If there was any doubt that this is an unapologetic trumpeting of the new hardware hurdle, the post’s headline alone should be confirmation enough: “Hardware-backed Windows 11 empowers Microsoft with secure-by-default baseline,” with the article reinforcing that “this new baseline for protection is one of several reasons Microsoft upgraded to Windows 11… The new hardware-backed security features create the foundation for new protections. This empowers us to not only protect our enterprise but also our customers.” Putting aside the non-starter of Microsoft not upgrading.

The hardware hurdle is TPM—the PC’s Trusted Platform Module, of course, with Windows 11 mandating TPM 2.0, “a critical building block for protecting user identities and data,” Weston says. “For many enterprises, including Microsoft, TPM facilitates Zero Trust security by measuring the health of a device using hardware that is resilient to tampering common with software-only solutions.”

And then the final clincher. “The hardware-backed features of Windows 11 create additional interference against malware, ransomware, and more sophisticated hardware-based attacks… By enforcing a hardware requirement, we can now do more than ever to keep our users, products, and customers safe.”

This is all another way of saying that with Windows 10 you get the opposite. Less secure from all those threats. And in the current environment, Microsoft’s warning is one you simply cannot ignore. Bottom line—when it comes to security, Windows 11 is a software and hardware proposition, and letting hundreds of millions of users off the hardware hook, treating it as software only, would undermine that.
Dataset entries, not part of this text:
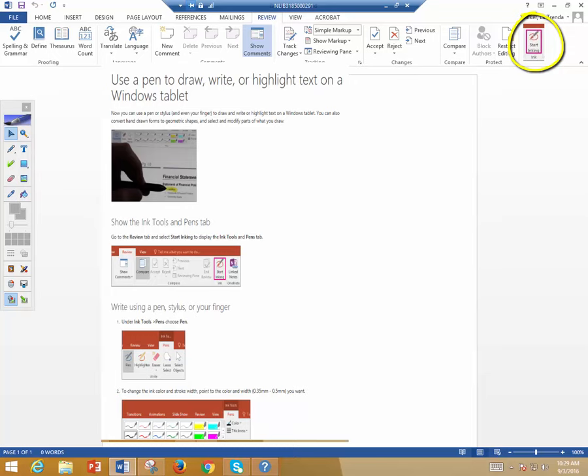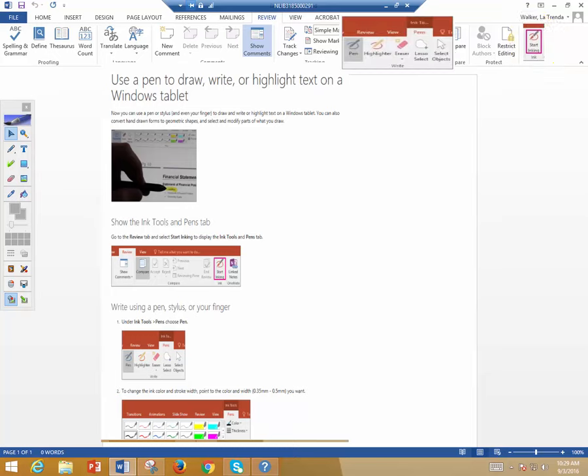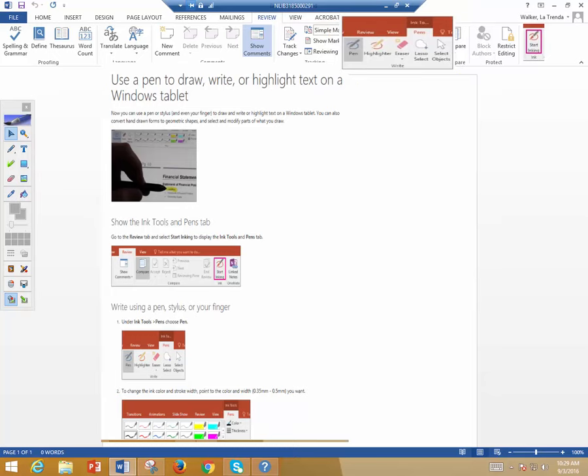And once you click that, then you could select your colors, you could select the type of pen or brush, then you could use your mouse or your finger to draw or annotate on Word. And then those changes or those drawings will be saved when you save your Word document.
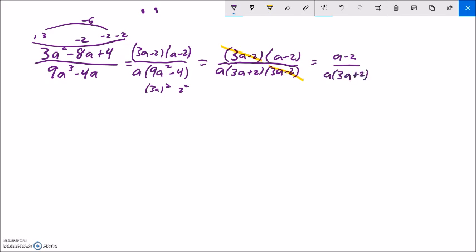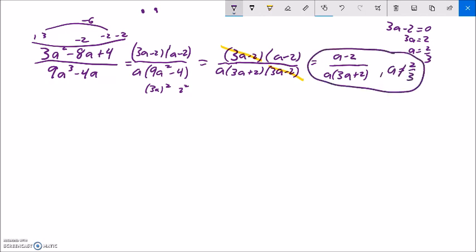I'm saying this is equivalent to the original for any a value — but I lost information when I canceled (3a − 2). That factor equals 0 when 3a − 2 = 0, i.e., a = 2/3. So a cannot equal 2/3, because that would cause division by 0 in the original expression. That's my answer for that one.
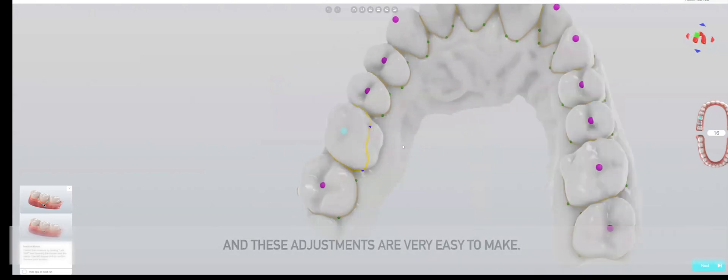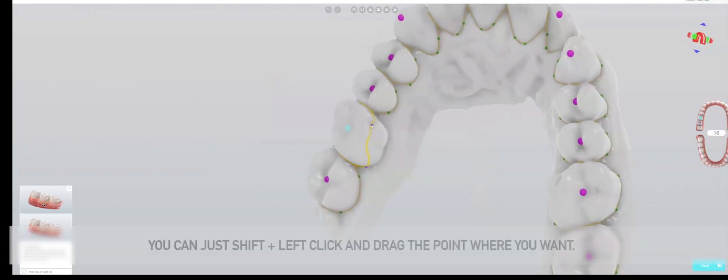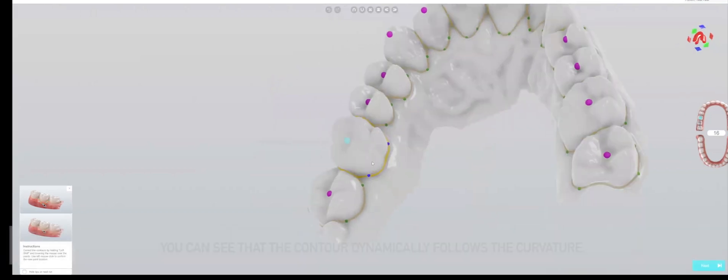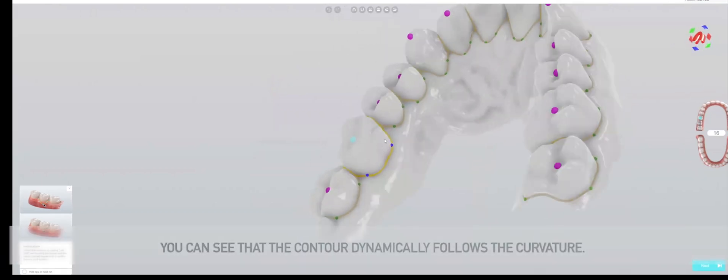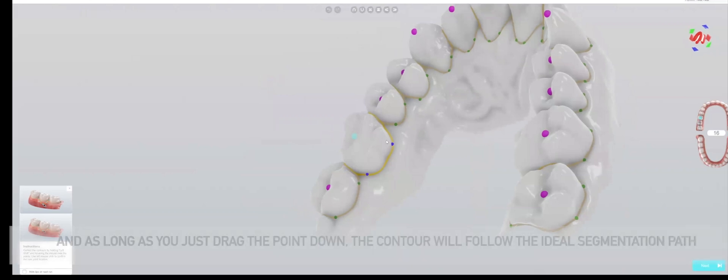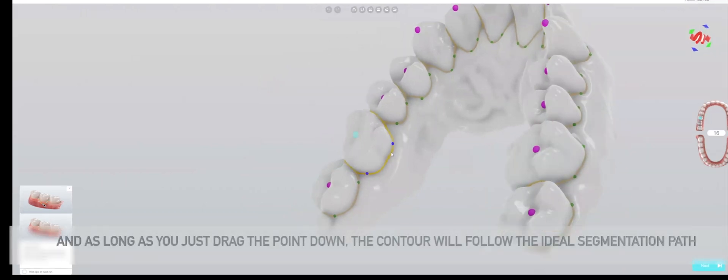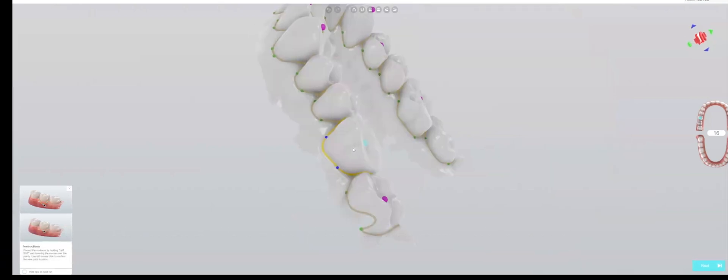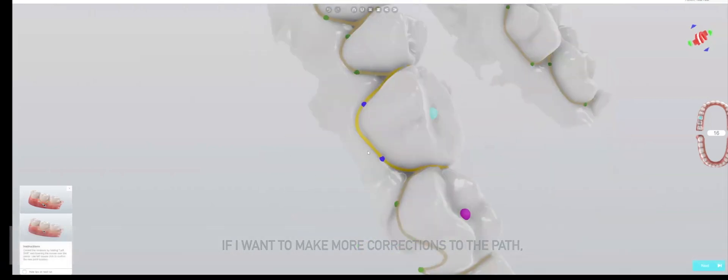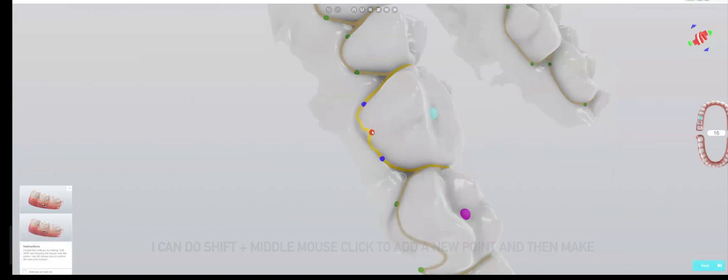There are occasional adjustments that you need to make, and these adjustments are very easy. You can just shift left click and drag the point where you want. You can see that the contour dynamically follows the curvature. If I want to make more corrections, I can do a shift middle mouse click to add a new point and add more flexibility to the curve.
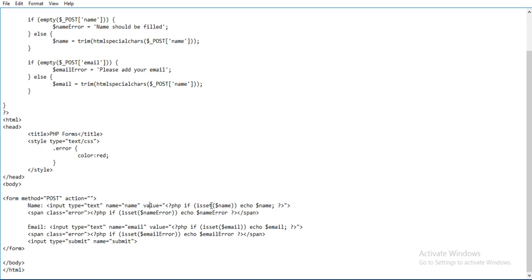PHP if isset - here we are using the function isset. If isset dollar name, then echo dollar name. Here we are using the concept: PHP if isset dollar name, echo dollar name. Span - here we are grouping the set for this type. Span class equals to error: PHP if isset dollar name error, echo dollar name error, and then end of span.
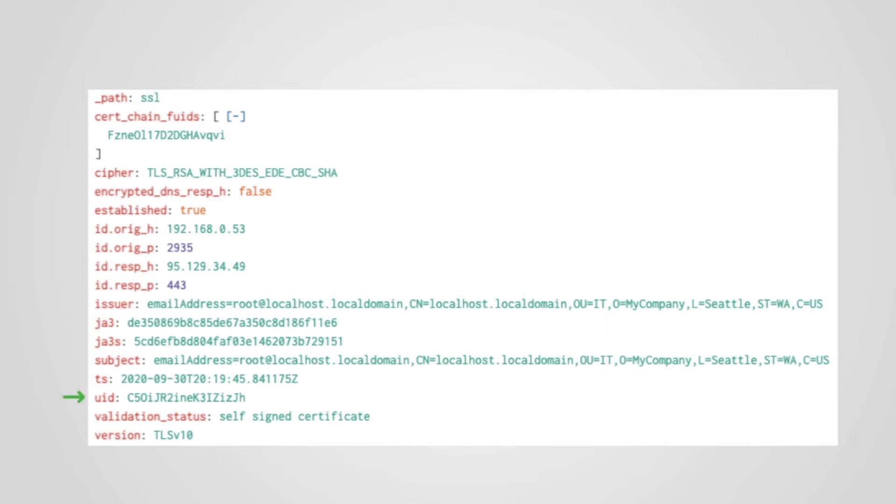Like all Zeek logs, the SSL log has a UID, or unique identifier, which allows for fast pivoting to and from other related logs for the same session, such as the con log.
The post was published just a few weeks after Microsoft shut down the well-publicized “/product server” workaround, which I commented at the time was a clear signal that hurdles were not about to be relaxed. And while the internet has been abuzz in recent weeks with articles on the workarounds that remain, one can infer that other popular but unofficial workarounds may be shut down as well.

All of which highlights the real challenge for the 70% of Windows users yet to make the leap to Windows 11—replacing expensive hardware with no secondary market to push old hardware into. Canalys calculates that this hyper-scale refresh would result in “roughly a fifth of devices becoming e-waste due to incompatibility with the Windows 11 OS. This equates to 240 million PCs. If these were all folded laptops, stacked one on top of another, they would make a pile 600km taller than the moon.”
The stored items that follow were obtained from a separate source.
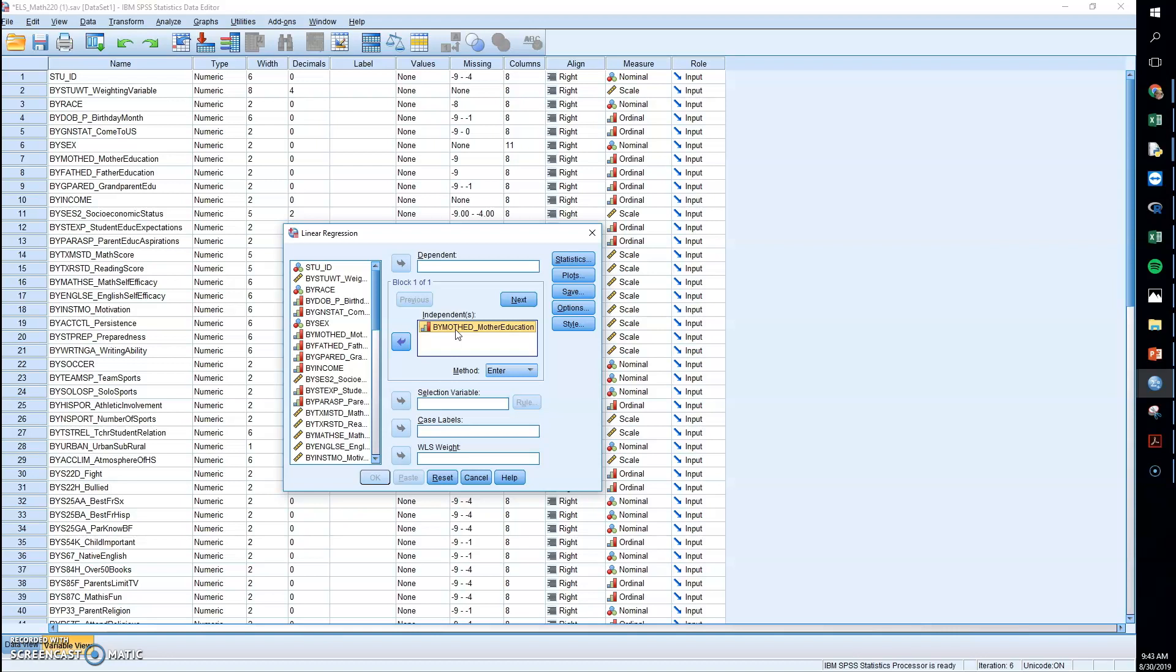And then the thing to know is if you do that, you should just put in a line that says there is some limitation here in that I used an ordinal variable in the regression, and this assumes an equal interval between the responses or something. Just make sure that you mention that there is a limitation there and that you're aware of that limitation.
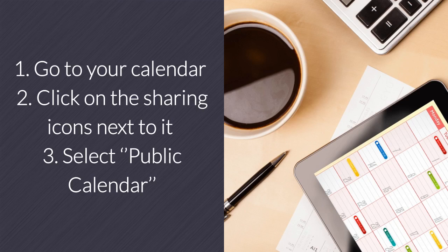1. Go to your calendar. 2. Click on the sharing icons next to it. 3. Select public calendar.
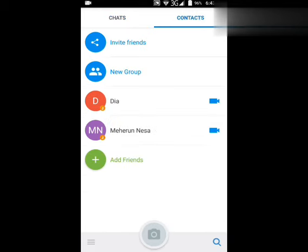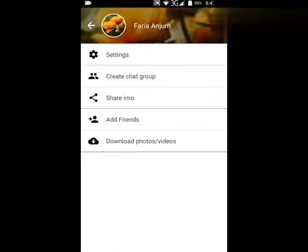And then click this icon which is at the bottom of your left corner screen. Now click settings.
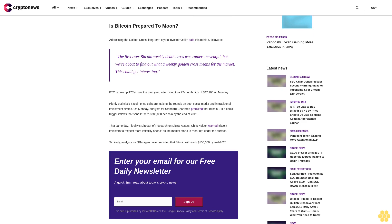Enter your email for our free daily newsletter, a quick three-minute read about today's crypto news. Sign up.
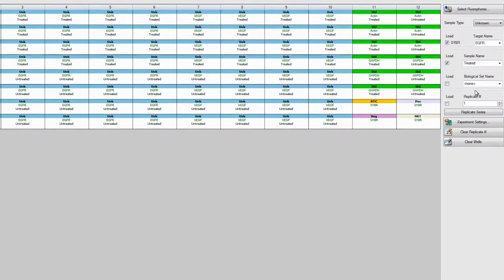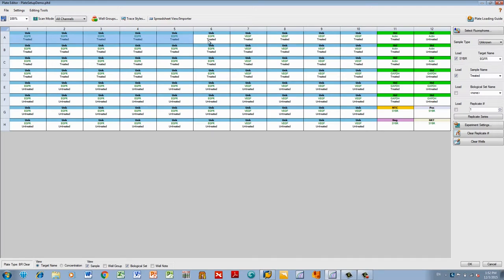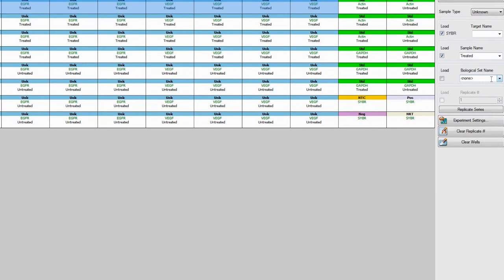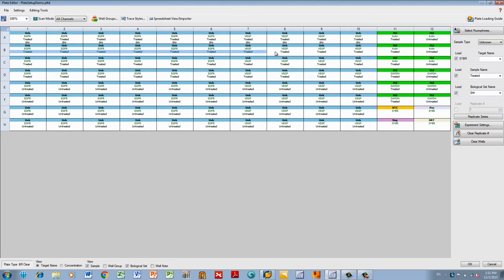Select the wells in the first biological set. Under Biological Set Name, type in your parameter and press Enter. The drop-down menu is pre-populated with time course labels and our first biological set is zero hour.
“With Windows 11,” a Microsoft Digital Security and Resilience manager explains in the blogpost, the focus is on “thinking about security from the ground up. We know we can do these amazing things, especially with security being front and center.”

That’s as maybe—but Windows 10 users running older or specialist hardware have other concerns. As one Forbes reader told me: “An awful lot of Americans do not have available cash to spend hundreds of dollars for new computers just to make Microsoft happy. You can see it in the only 30% adoption. My replacement cost was $1,200.”